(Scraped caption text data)

---+---

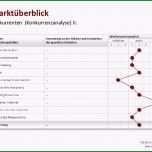 Ausgezeichnet De Micco &amp; Friends Kostenlose Businessplan Vorlage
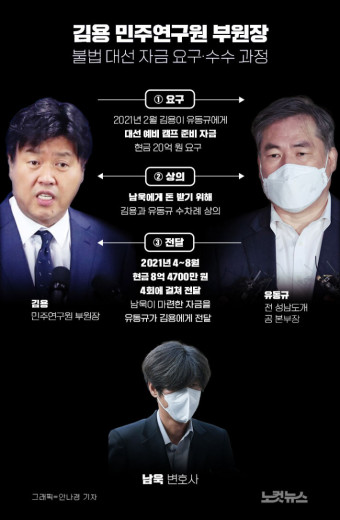 '침묵' 김용에도 자신감 보이는 檢…'뇌물'도 신중 검토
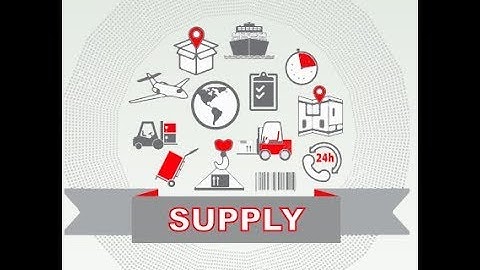 CGST Act 2017 Supply - Taxable Event by Prof. Rajesh Tayal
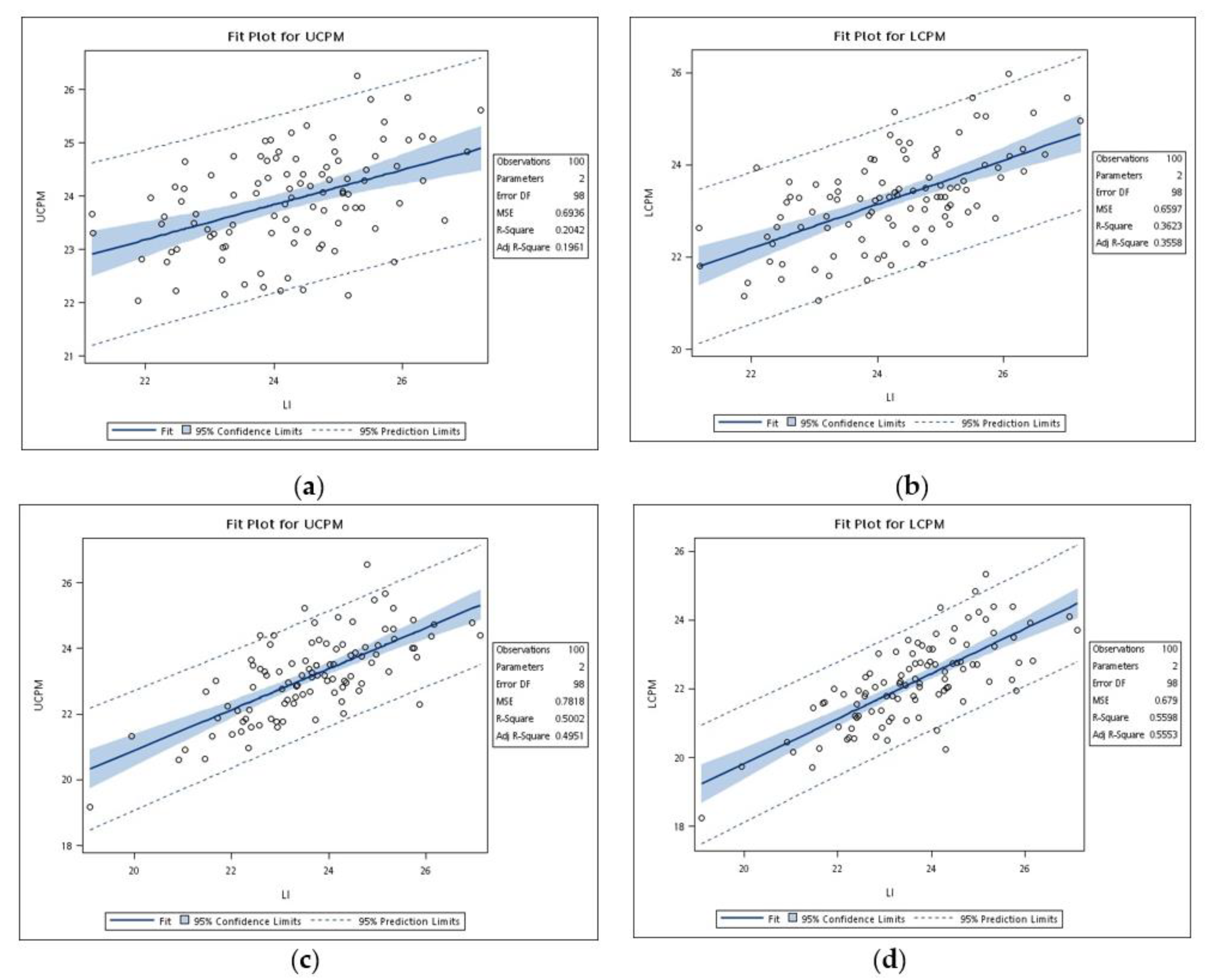 Ijerph 18 06356 g003
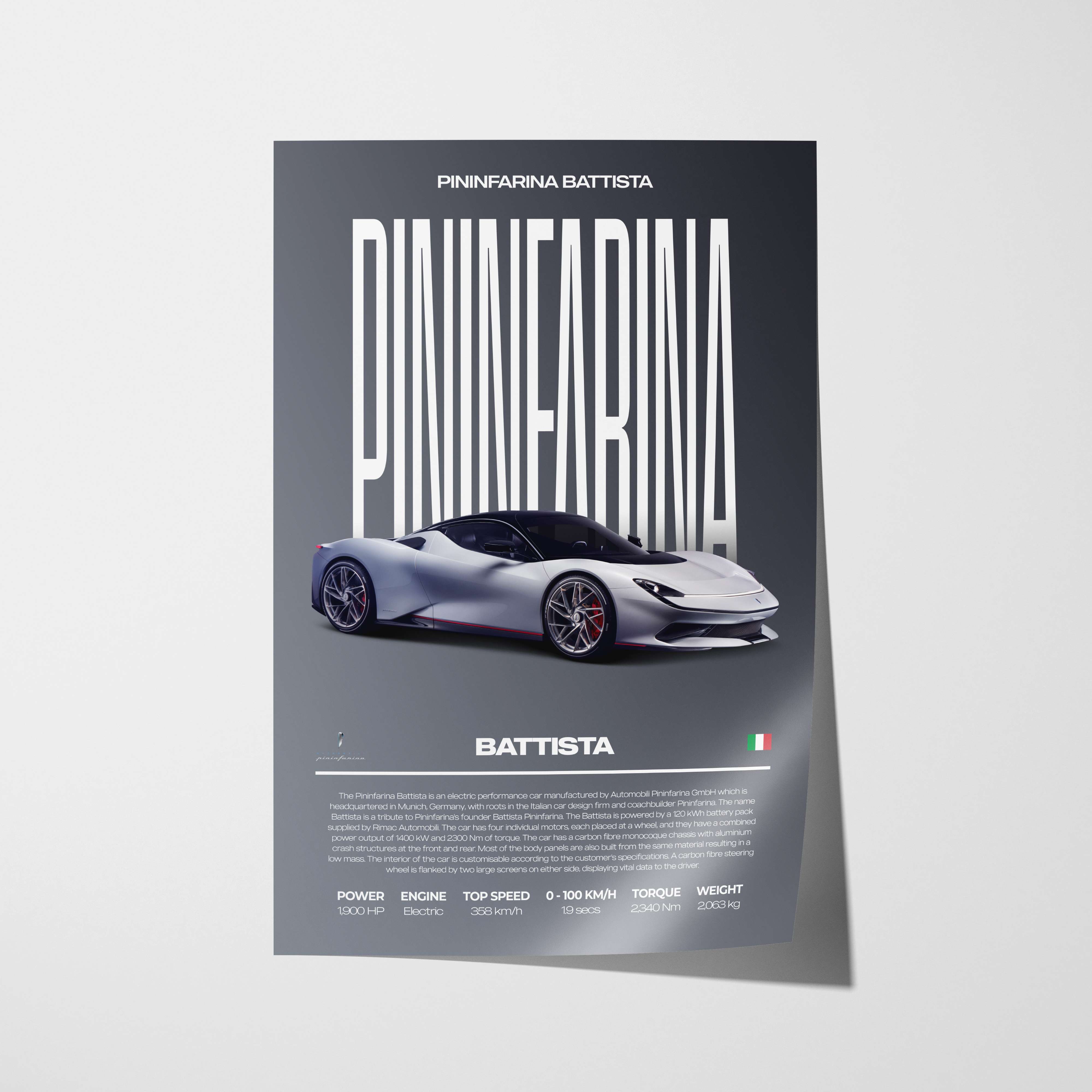 Pininfarina Battista Poster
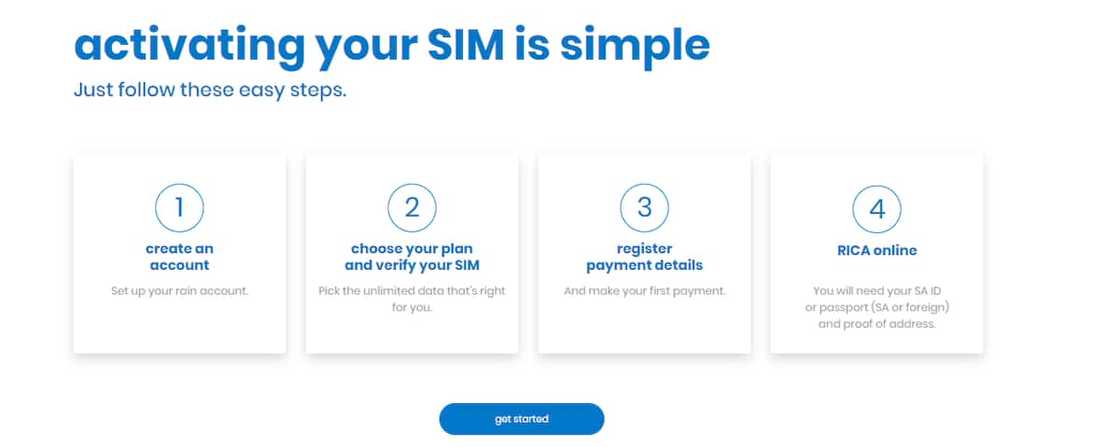 how long does it take for a rain sim card to activate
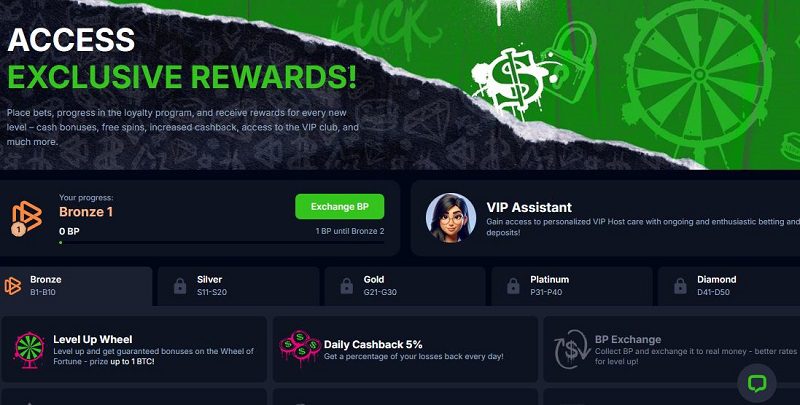Programme de fidélité de Bets.io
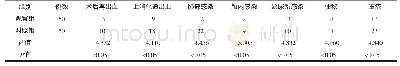 表1 两组患者术后并发症发生情况的比较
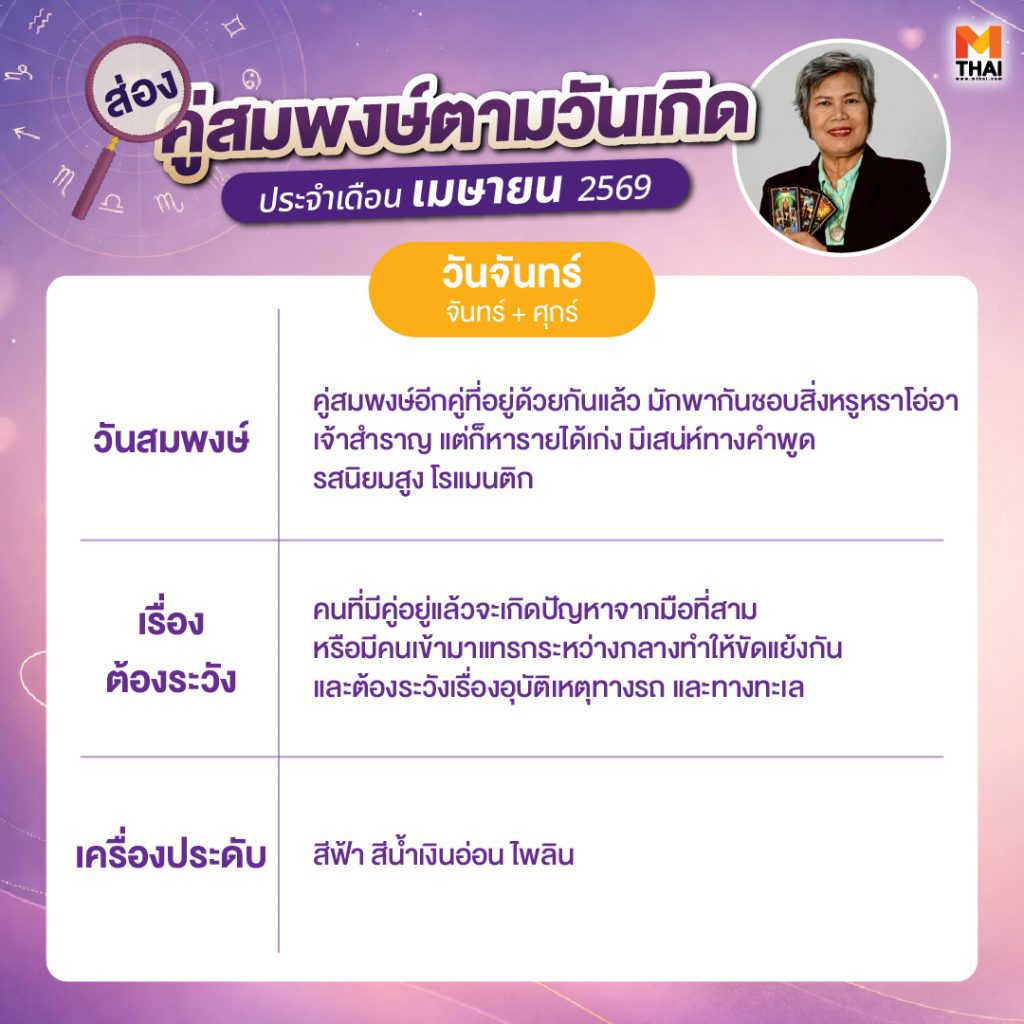 ดวงวันเกิด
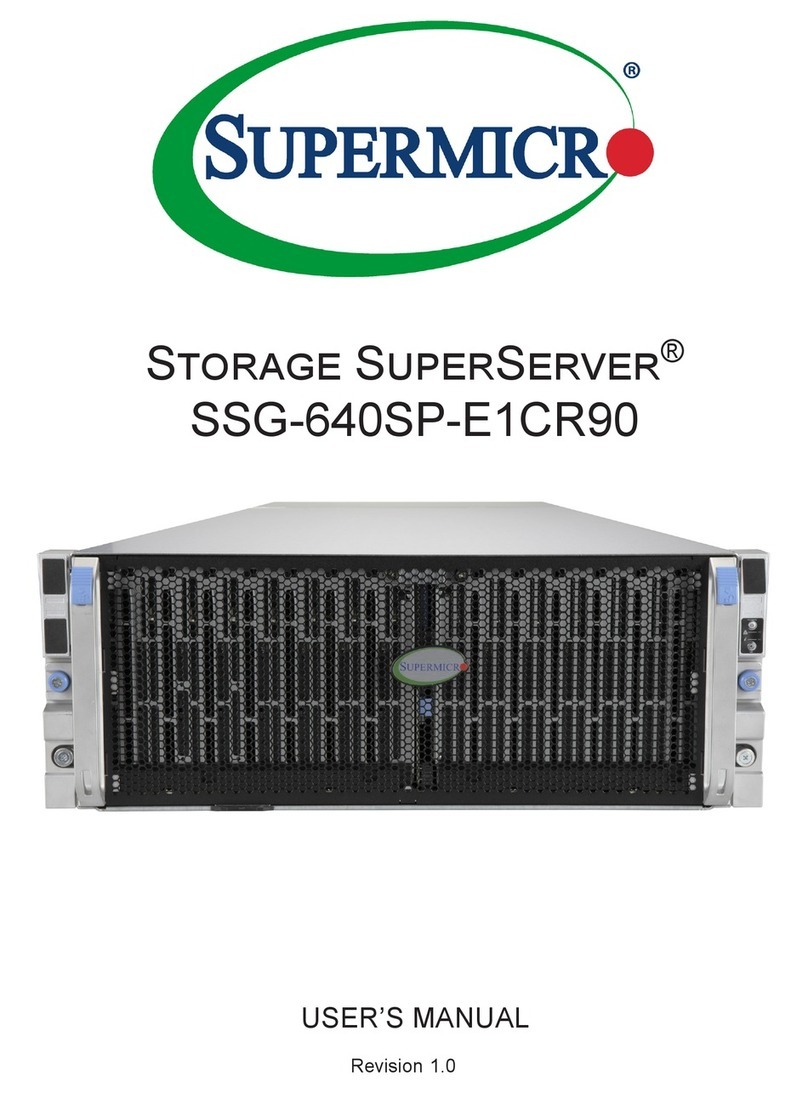 Supermicro Storage SuperServer SSG-640SP-E1CR90 User manual
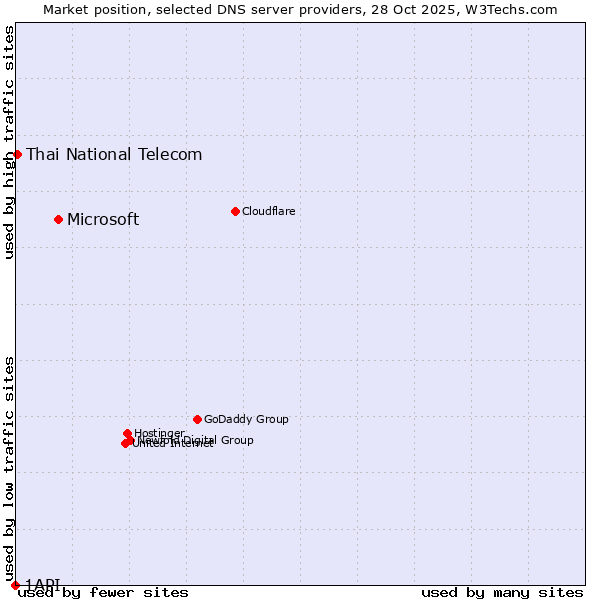 Market position of Microsoft vs. Thai National Telecom vs. 1API
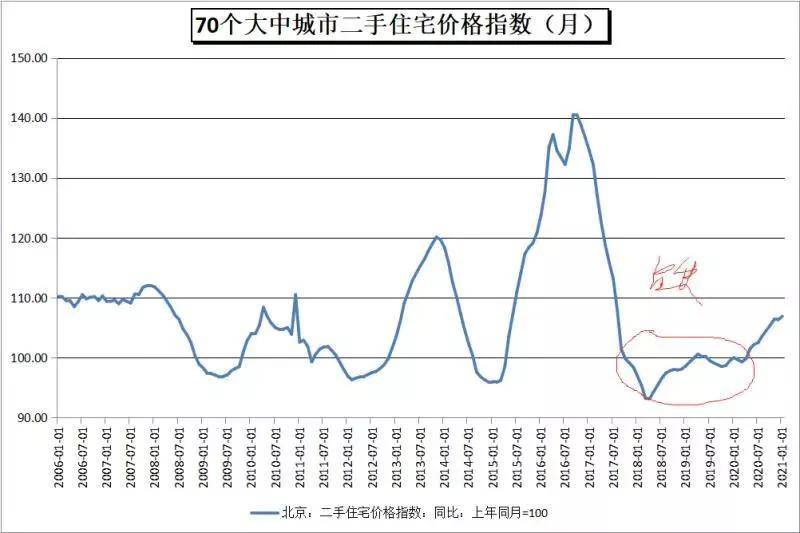 2021年1季度市GDP(3)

---+---

▸ **Exercise directions**
Please copy the lines above exactly, starting at the line that holds "檢…'뇌물'도 신중 검토" and ending at the line that holds "Supermicro Storage SuperServer"; include both, but no pictures.

▸ **Result of this task**
 '침묵' 김용에도 자신감 보이는 檢…'뇌물'도 신중 검토
 CGST Act 2017 Supply - Taxable Event by Prof. Rajesh Tayal
 Ijerph 18 06356 g003
 Pininfarina Battista Poster
 how long does it take for a rain sim card to activate
Programme de fidélité de Bets.io
 表1 两组患者术后并发症发生情况的比较
 ดวงวันเกิด
 Supermicro Storage SuperServer SSG-640SP-E1CR90 User manual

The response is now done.